Task item | Could you repeat all of the entries below word for word, apart from the pictures?

BEGIN Material for this task

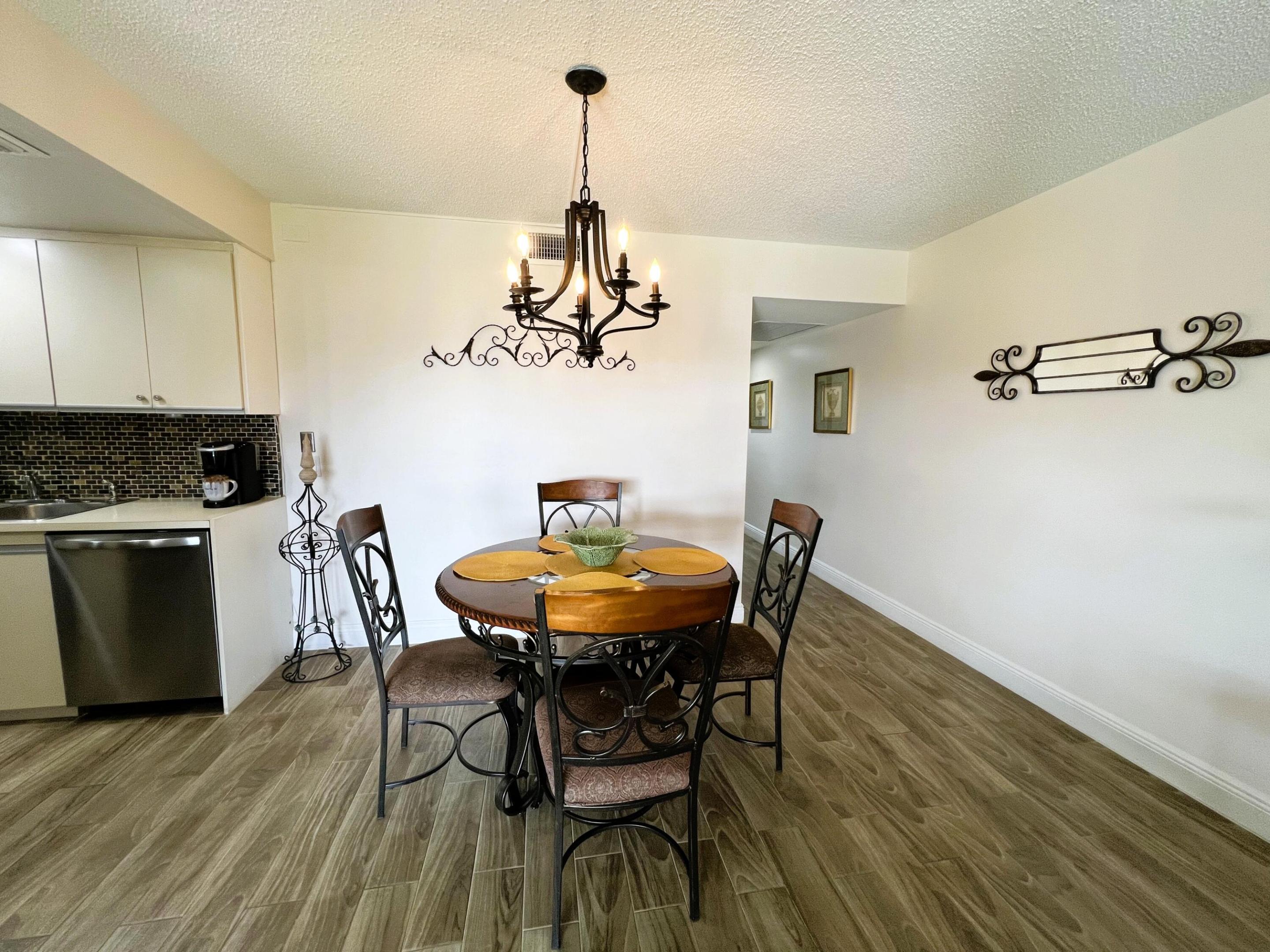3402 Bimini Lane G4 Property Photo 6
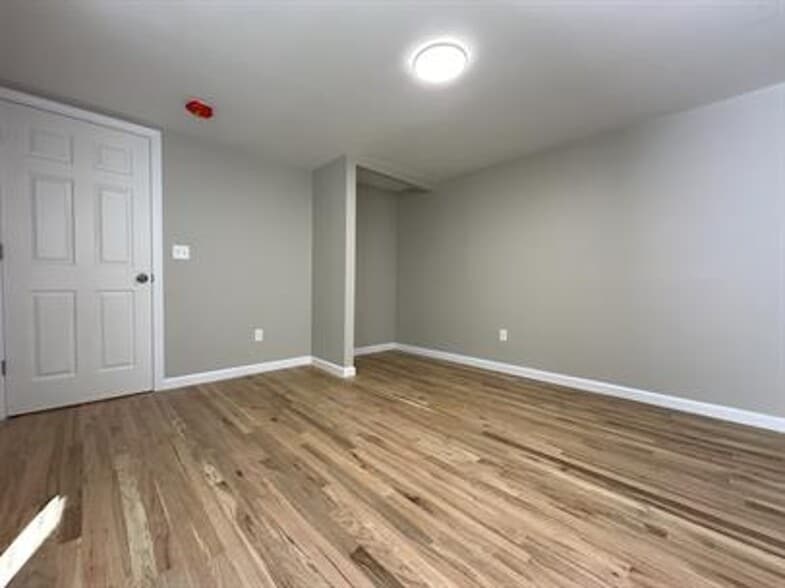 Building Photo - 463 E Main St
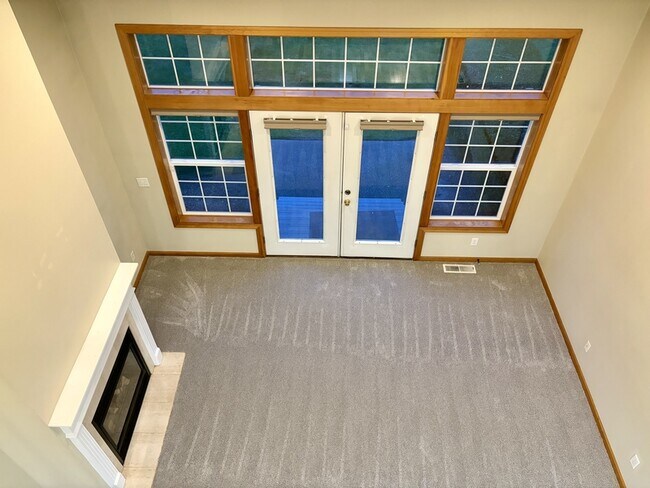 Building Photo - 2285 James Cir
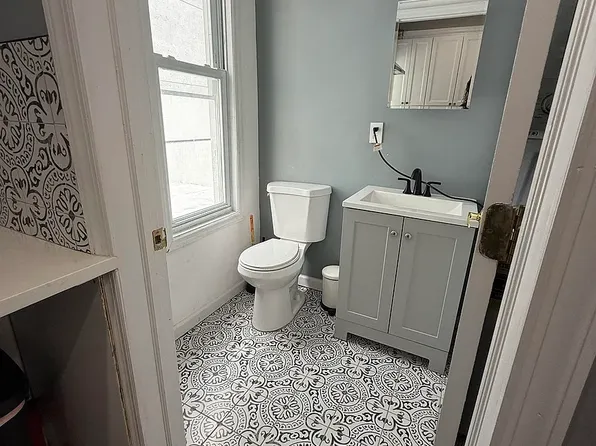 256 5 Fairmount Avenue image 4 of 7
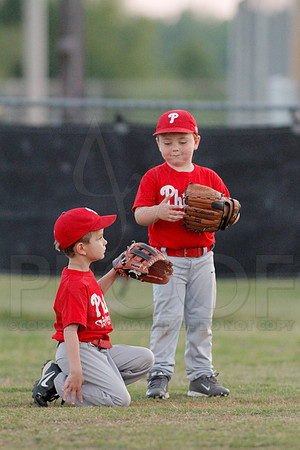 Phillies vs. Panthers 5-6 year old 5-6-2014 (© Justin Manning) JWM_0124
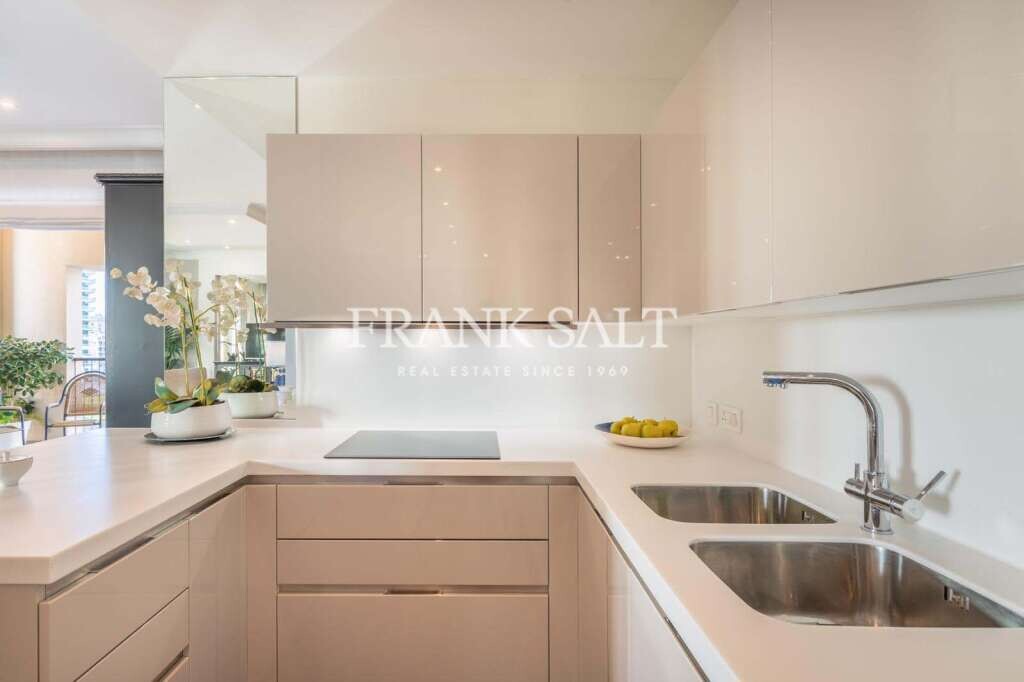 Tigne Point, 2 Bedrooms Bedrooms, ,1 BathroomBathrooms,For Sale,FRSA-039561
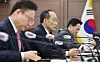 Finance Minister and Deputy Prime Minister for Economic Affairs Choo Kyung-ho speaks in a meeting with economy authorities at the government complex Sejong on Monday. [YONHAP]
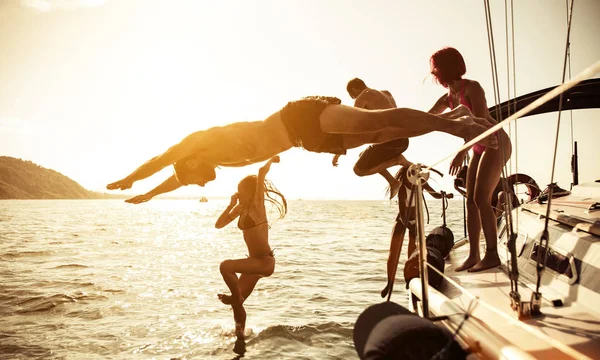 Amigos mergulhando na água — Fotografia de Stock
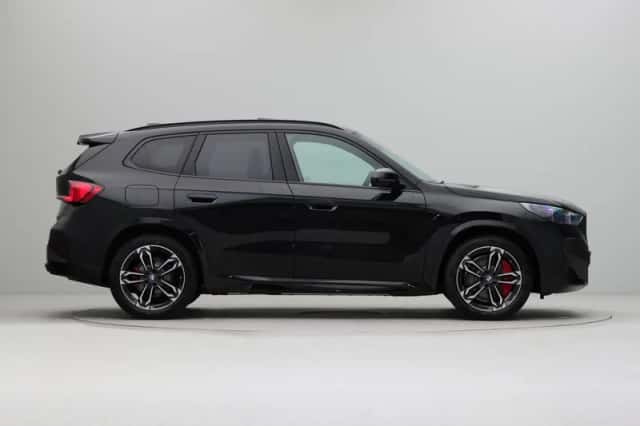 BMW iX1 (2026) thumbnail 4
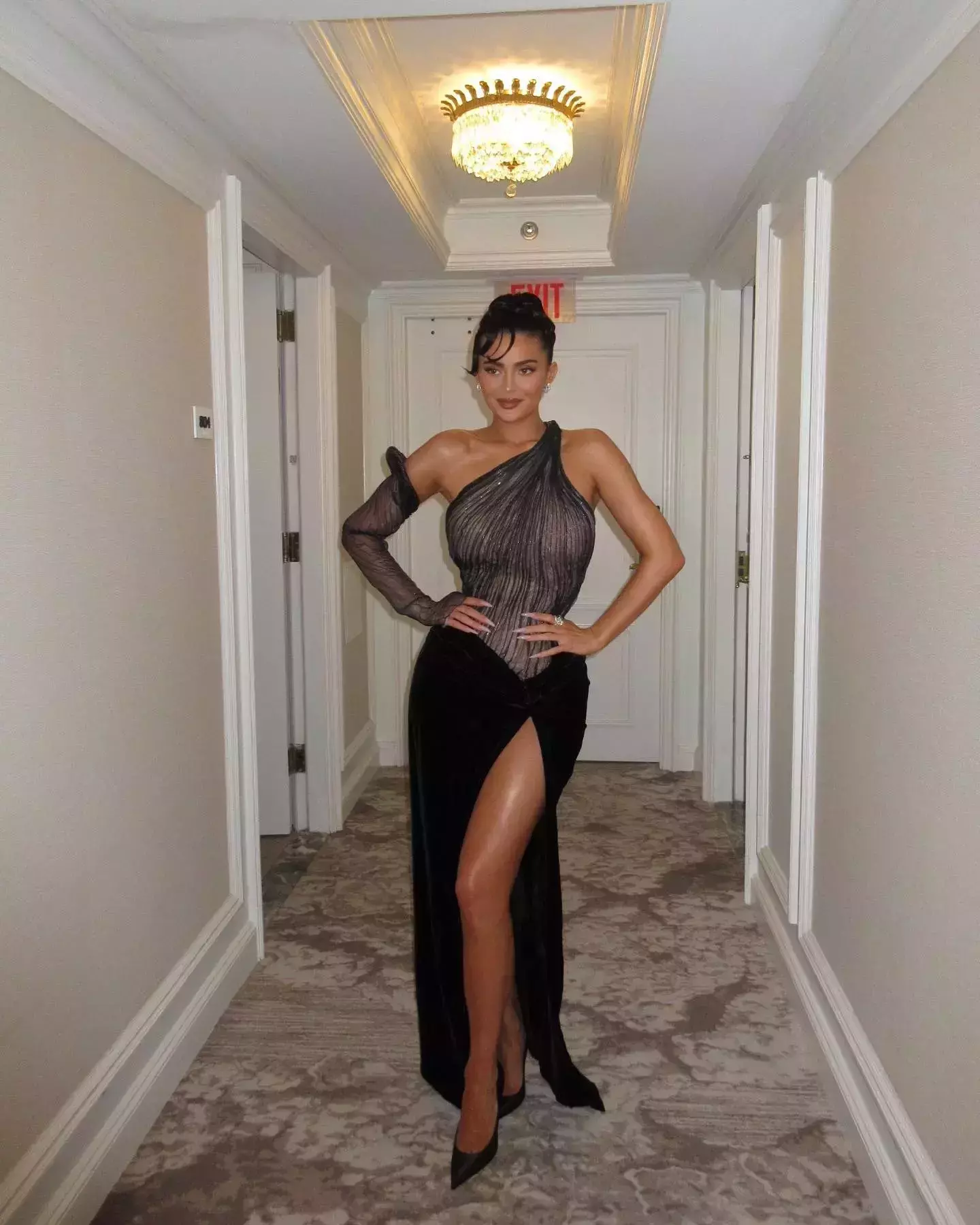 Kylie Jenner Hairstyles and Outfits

END Material for this task

Solution to the exercise |
3402 Bimini Lane G4 Property Photo 6
 Building Photo - 463 E Main St
 Building Photo - 2285 James Cir
 256 5 Fairmount Avenue image 4 of 7
 Phillies vs. Panthers 5-6 year old 5-6-2014 (© Justin Manning) JWM_0124
 Tigne Point, 2 Bedrooms Bedrooms, ,1 BathroomBathrooms,For Sale,FRSA-039561
 Finance Minister and Deputy Prime Minister for Economic Affairs Choo Kyung-ho speaks in a meeting with economy authorities at the government complex Sejong on Monday. [YONHAP]
 Amigos mergulhando na água — Fotografia de Stock
 BMW iX1 (2026) thumbnail 4
 Kylie Jenner Hairstyles and Outfits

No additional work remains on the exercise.